I have run the "gprof" profiling tool on a numerical code for calculating particle movement in a fluid flow.The code isFortran90-standard and I used -pg and then -pg -O3 when compiling. To my surprise the profiling revealed that about 17-18% of execution time is spent in each of LEN_TRIM and CPSTR.

We use LEN_TRIM quite extensively (about 100-200 instances in the code) for extracting control parameters, file names, etc. from character constants. However, I certainly did not expect this to hace an impact on performance.

Is this a known performance issue? Could I be mistaken?

Thanks,

Olof

Steven_L_Intel1 · ‎12-19-2006

I have not been aware of LEN_TRIM as a specific performance issue, but by its nature it's not going to be all that fast. I'm puzzled that you'd have calls to LEN_TRIM in the compute-intensive section of the code. Typically, parsing of commands is done just once at the beginning of execution. 100-200 calls on LEN_TRIM is a lot in my view. What kind of program structure leads to that? If you're using character constants, why not use LEN() instead?

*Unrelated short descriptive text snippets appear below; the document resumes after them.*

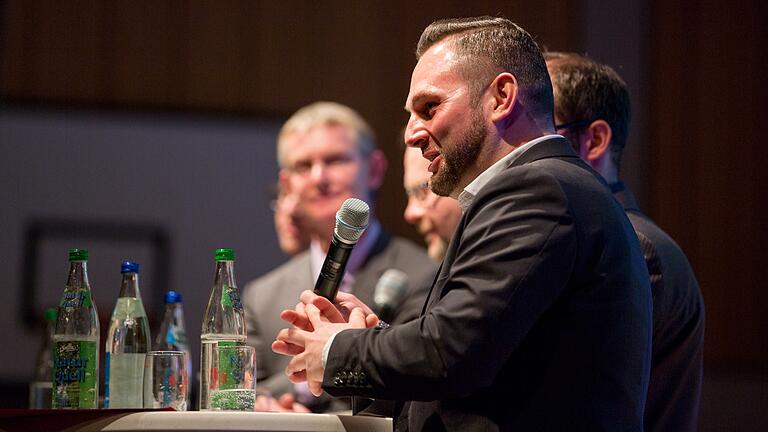 Während der Podiumsdiskussion der Main-Post zur Bürgermeisterwahl am 5. Februar dieses Jahres in Dettelbach hatte Matthias Bielek (vorne im Bild) als Kandidat der Freien Wähler behauptet, dass er das Amt des Bürgermeisters zu 100 Prozent ausfüllen möchte. Ein Widerspruch zu seinen Plänen, möglicherweise doch nebenbei weiter als Moderator zu arbeiten? Während der Podiumsdiskussion der Main-Post zur Bürgermeisterwahl am 5. Februar dieses Jahres in Dettelbach hatte Matthias Bielek (vorne im Bild) als Kandidat der Freien Wähler behauptet, dass er das Amt des Bürgermeisters zu 100 Prozent ausfüllen möchte. Ein Widerspruch zu seinen Plänen, möglicherweise doch nebenbei weiter als Moderator zu arbeiten?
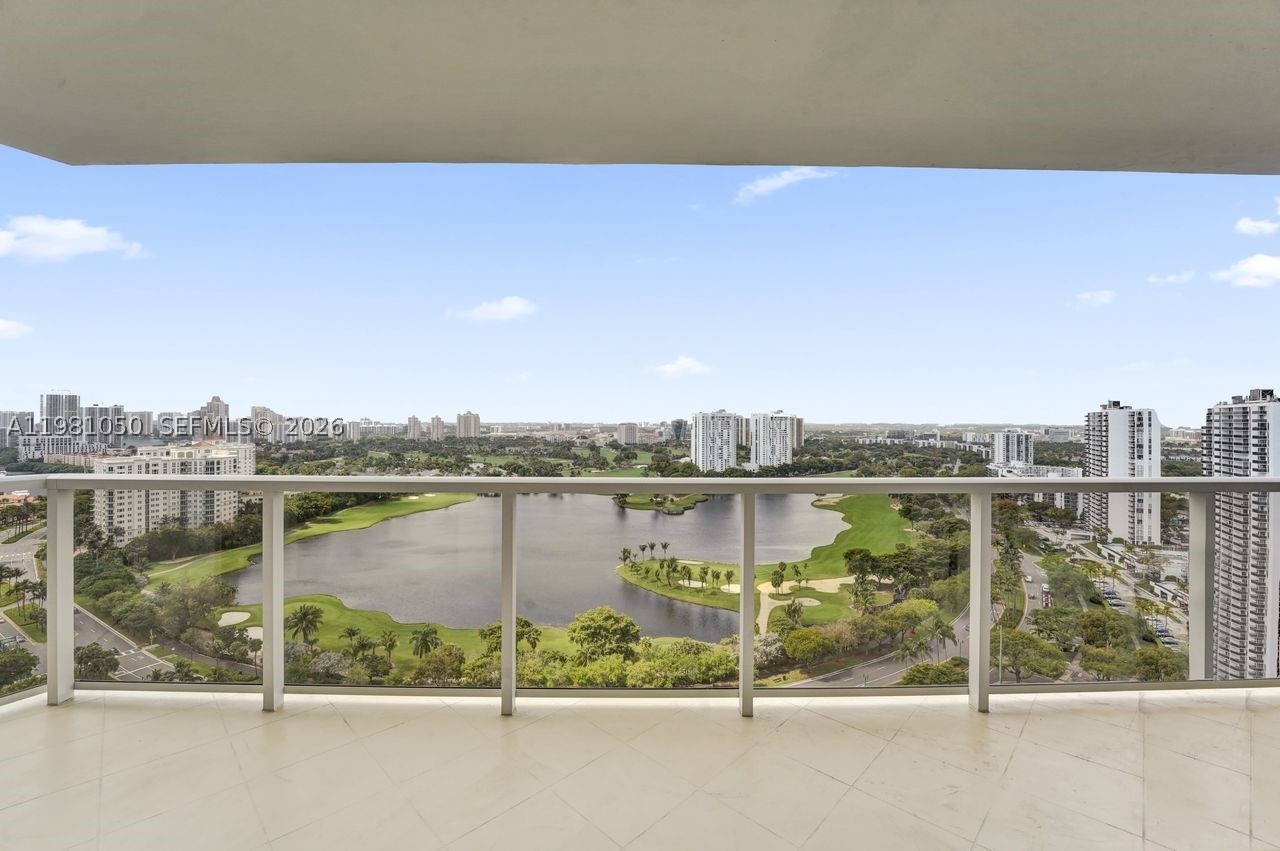 Aventura photo 3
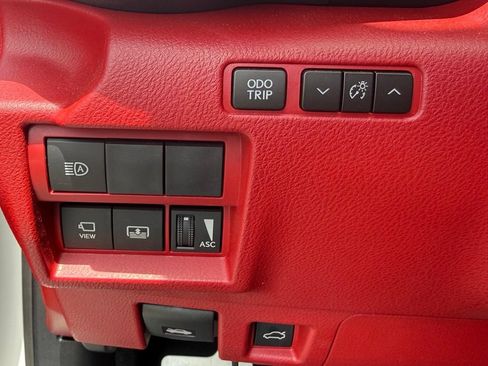Used 2023 Lexus IS 500 RWD image 29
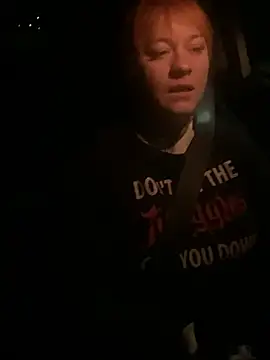 poussichienne online show from 03/19/26, 04:23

olof_liungman · ‎12-20-2006

As I wrote earlier the code is a particle tracking model. It is used in an operational oil spill forecasting system. Because we wanted to write a general, modular and extensible code the particles may represent many different substances or objects. Depending on what the particles represent different processes are activated. Many of these processes need to be calculated within time loops. For example, to decide whether a subroutine describing a particular process should becalled, we check the type of substance. Of course, there are wys around this, such as parsing the string input in the beginning of the simulation and replacing the strings with several different logicals.

Since we donot know at compile time what a particular string will contain (e.g. a file path) we define long character variables and then strip out the blanks at run time when we want to, e.g., concatenate a file path and a file name. Thus LEN is not really an option.

It should be said that out code is not optimized for speed, but for clarity. Thus I am sure we can do a lot to increase performance. From answers to my post at comp.lang.fortran (Google group) it seems that LEN_TRIM is indeed slow in certain cases. Nevertheless, it seems strange that it would take up such a large part of the actual cpu time.

Steven_L_Intel1 · ‎12-20-2006

Hard to say. LEN_TRIM is an inherently slow operation compared to typical mathematical computations. It does byte-at-a-time memory access. Depending on how long the variables are, it may spend a lot of time looping over blank characters. It's not the sort of thing I'd expect to see in a compute-intensive section of an application.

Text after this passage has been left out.